▶ _THE DATA_
+ + +

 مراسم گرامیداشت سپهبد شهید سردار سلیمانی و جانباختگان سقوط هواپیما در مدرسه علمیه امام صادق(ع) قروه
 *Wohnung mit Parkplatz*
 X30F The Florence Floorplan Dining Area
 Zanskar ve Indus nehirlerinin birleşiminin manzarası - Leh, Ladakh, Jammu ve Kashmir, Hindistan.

+ + +

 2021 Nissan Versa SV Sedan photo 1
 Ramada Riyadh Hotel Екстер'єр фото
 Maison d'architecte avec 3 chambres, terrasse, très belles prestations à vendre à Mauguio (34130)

+ + +

▶ _TASK OBJECTIVE_
Give back precisely the lines above that start at the line containing "مراسم گرامیداشت سپهبد" and end at the line containing "Zanskar ve Indus", inclusive. No other lines belong in the output.

▶ _WRITTEN SOLUTION_
 مراسم گرامیداشت سپهبد شهید سردار سلیمانی و جانباختگان سقوط هواپیما در مدرسه علمیه امام صادق(ع) قروه
 *Wohnung mit Parkplatz*
 X30F The Florence Floorplan Dining Area
 Zanskar ve Indus nehirlerinin birleşiminin manzarası - Leh, Ladakh, Jammu ve Kashmir, Hindistan.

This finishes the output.